He tucks his hands in his jean pockets. God, I love his hands. Large, strong, sinewy and elegant all at once. “Your parents let you travel alone, like a graduation present?”

  “No, not alone.” I lie because even though his hotness is muddling my mind, I’ve retained a tiny bit of common sense. I don’t know him, and don’t want him to think I’m some vulnerable girl, ripe for taking advantage of. “My cousin will be here soon. And I’m staying with Gabrielle, the woman you met.”

  “Right.”

  He continues up the incline, talking about the area, but I barely hear because suddenly the ground shifts, the world wobbling off its axis. The loud buzz that rings in my ears like a warning bell is all too familiar.

  No. No. No! Not now!

  I brace my hand against the wall, waiting for the dizziness to pass, praying it goes away before he notices. Oblivious, Christian continues on. Slowly, ever so slowly, the world starts to refocus. A few more moments and I’ll be back to normal. I hope.

  Too late.

  Christian pauses and glances back at me. I don’t miss the concern that crosses his features. “Still have jetlag?”

  Because I’m young, I’m supposed to be in shape. Full of energy. I wonder what he sees when he looks at me now, spotting me standing with my hand braced against the wall. Someone pale, weak? Damn it all, I don’t want him to see me that way. “I just need to rest. Just a second.”

  Curiosity flashes across his blue eyes. He knows something is wrong. Something is…off. But he’s too polite, or Scandinavian, to say it. I wish I could ignore the sensations and push on, but my knees grow weak and I’m forced to sit on the window ledge.

  “Just got over a bad case of flu not too long ago,” I explain. Not a complete lie. I had the flu a couple months ago and ended up in the E.R. “Still recovering.”

  The concern that softens his gaze warms and frustrates me. It’s not like I want to sleep with a totally heartless jackass, but at the same time, I wish he wouldn’t look at me like I’m a fragile weakling. If I tell him the truth, I’ll probably never see him again. Or worse, he’ll start treating me like an invalid…taking a playbook from Matias. We’ve just met. He shouldn’t have to deal with my issues. For now, I just want to be a normal girl flirting with a guy.

  “Alright,” he says. “No problem. We can take it slow.”
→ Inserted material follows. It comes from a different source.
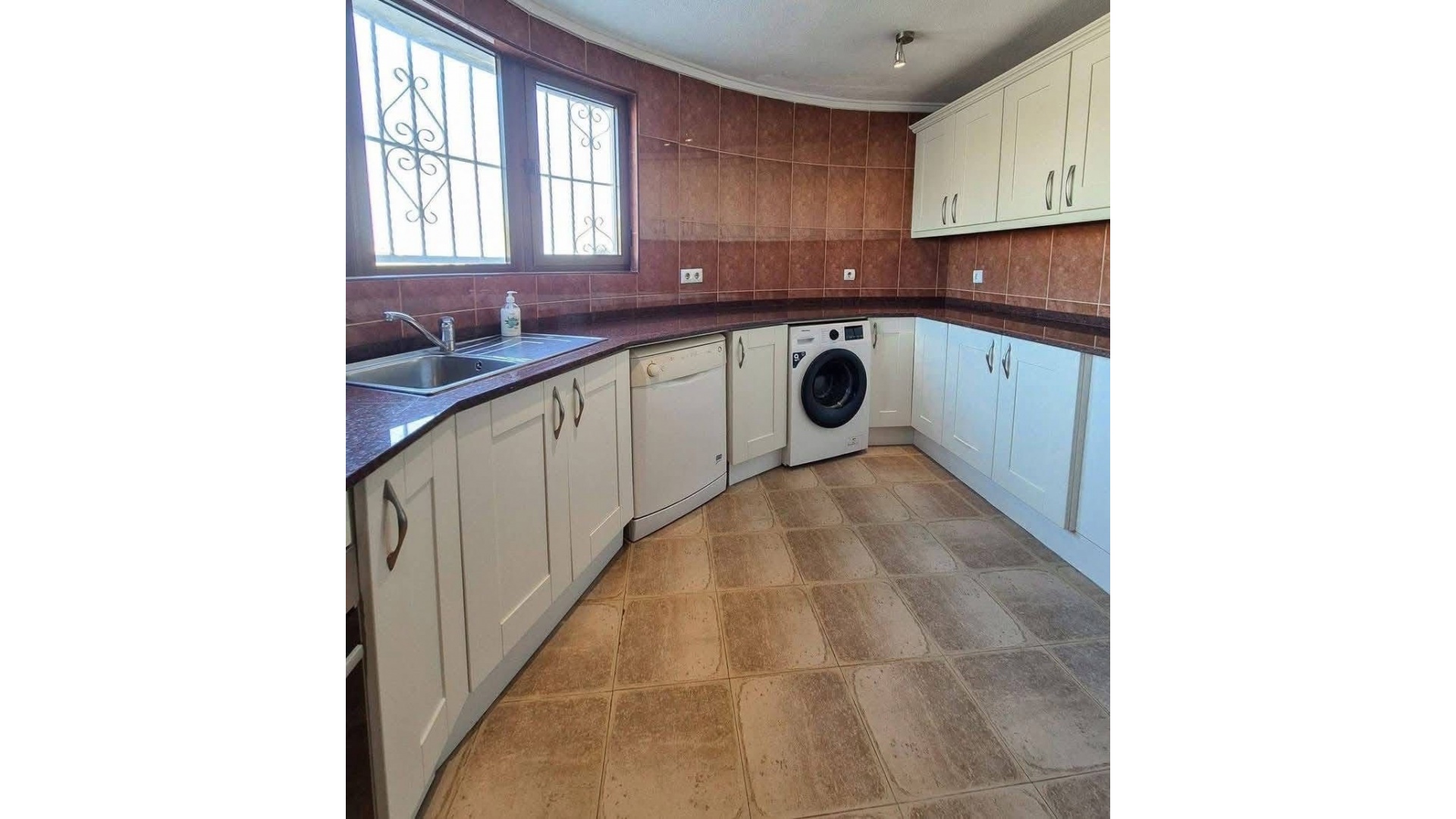 Återförsäljning - Villa - Ciudad Quesada - La Marquesa Golf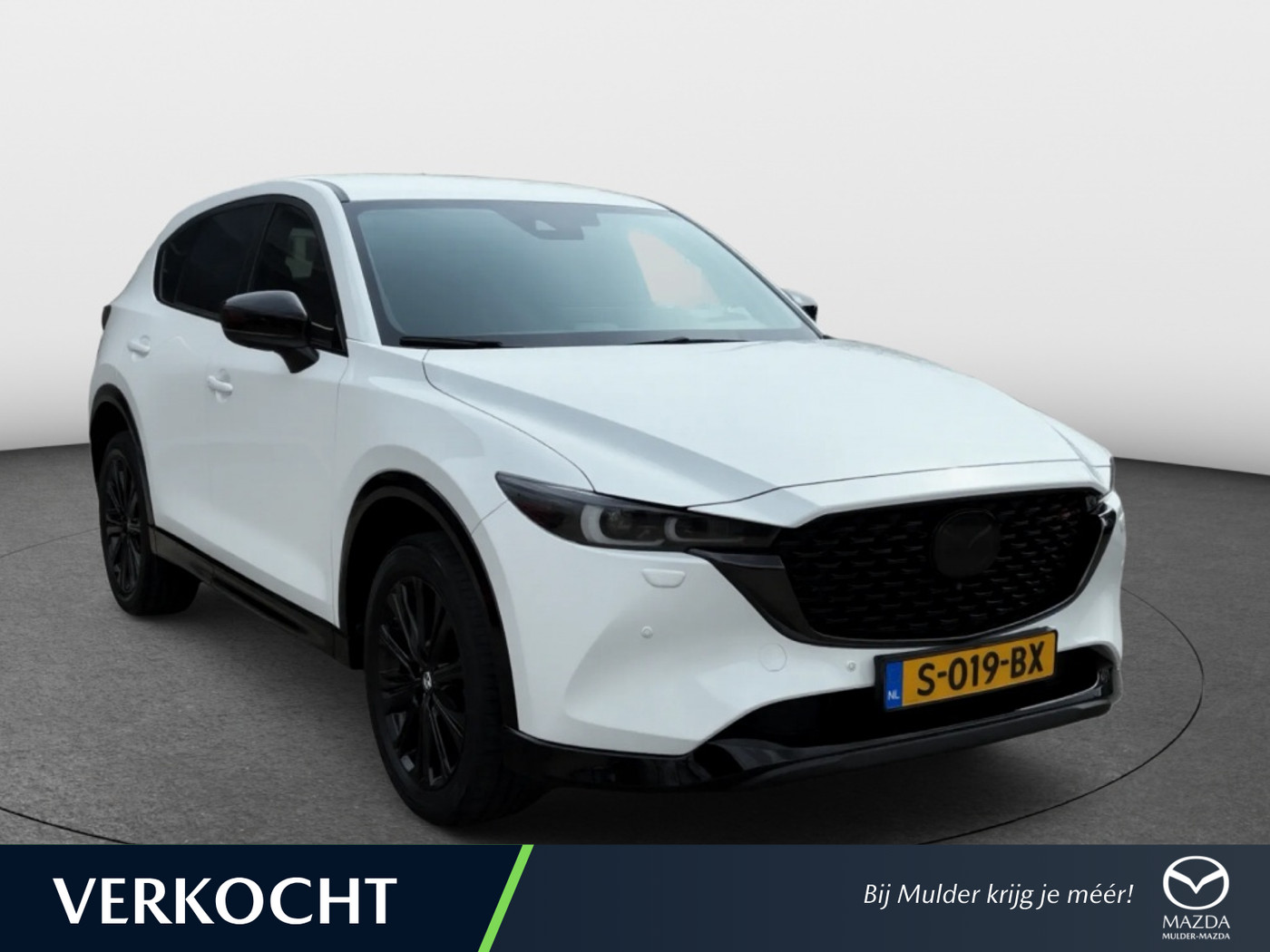 Foto van Mazda Mazda Cx-5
  I’m not sure if he means our relationship or the hike up this tower. Either way I’m annoyed. I don’t have time to take it slow. My mortal clock is ticking. I hate this. Hate that my body is so pathetic. That it betrays me so often. Hate that my mind is ready to jump into the deep end of life, enjoy the surprises and excitement of the world, but my body can’t keep up. He sits on the ledge beside me. Outside the small window I can see the rooftops of the row houses. Orange clay tiles, peaks, chimneys, a few spires.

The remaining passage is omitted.